Jaeger-LeCoultre Caliber 101 Bangle
Perhaps the most magnificent of the two watches is the Bangle – the first time the brand has created a high-jeweled bangle watch. Inspired by the Art Deco ear, the dynamic watch is an interplay of geometry and architecture, of symmetry and asymmetry. The bracelet alone is set with 996 brilliant-cut diamonds weighing 19.7 carats. The diamonds are graduated in size so that they accentuate the sweeping curves of the ultra-feminine bracelet. They are set using two different setting styles, a griffe style that minimizes the amount of metal seen on the surface, and a grain setting to maximize the play of light. Even the sides of the bracelet are set with ribbons of diamonds for dramatic appeal.
In stark contrast to the geometric elegance of the Bangle, the Snowdrop is inspired by the white bell-shaped flowers that grow through thin layers of snow in the Vallee de Joux where Jaeger-LeCoultre is headquartered. For this watch, the artisans turn to carefully cut fancy shaped diamonds, including pear-cuts that surround the dial to emulate the petals of the flower. Ensuing petal patterns repeat and repeat – forming a beautifully symmetrical floral bracelet. Here again, the diamonds are set griffe style to allow light to pass through from all angles, intensifying the sparkle of the stones. In addition to the 204 pear-shaped diamonds, another 700 brilliant-cut diamonds complete the look. The setting of these 20.9 carats of stones represents more than 130 hours of work by the brand’s master gem setters.
The History of the Jaeger-LeCoultre Caliber 101
As early as 1880, Jaeger-LeCoultre had already begun miniaturizing its movements in order to accommodate smaller watches for women. By the early 1900’s, the brand had come a long way—introducing another small movement, the Caliber 6EB, that measured just over 1 cm square.
The big break, though, came in 1929 when the Caliber 101 burst onto the scene. Instead of having all of the mechanical watch components assembled on a single plate, the Caliber 101 used a stacked two-level format (which had first been developed for its Duoplan watch in 1925). With this method, the escapement is set on one plane, while the barrel and cogs are on another. The mainspring of the 78-piece movement is wound by a flat crown set into the case base.

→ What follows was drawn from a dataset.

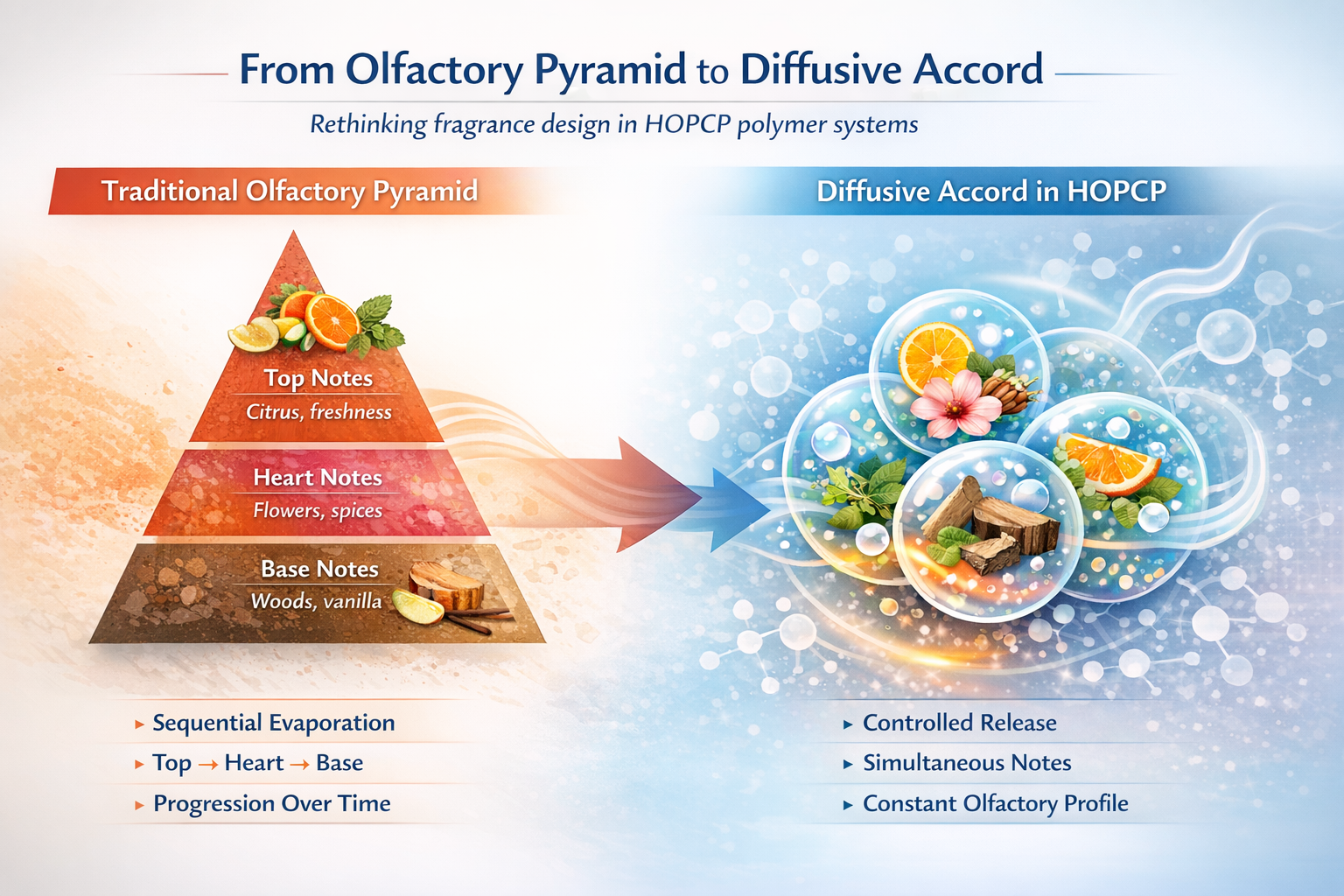 From Olfactory Pyramid to Diffusive Accord in HOPCP® Polymer Systems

Evolution of the Jaeger-LeCoultre Caliber 101
Over the years, the Caliber 101 has naturally been improved thanks to updated materials, micro-machining and more, but its architecture and size have remained relatively unchanged. Today, the fourth-generation Caliber 101/4 consists of 98 parts and measures 14mm x 4.8mm with a thickness of 3.4mm. It still weighs less than one gram. The balance wheel oscillates at 3Hz) and the mainspring provides 33 hours of power reserve. Because of the tiny scale of the movement, each of the miniscule components are custom-produced by just a handful of watchmakers at Jaeger-LeCoultre who have mastered the art of building the microscopic pieces into a spectacular Caliber 101. This makes the watch incredibly rare, as only a few handfuls can be produced each year.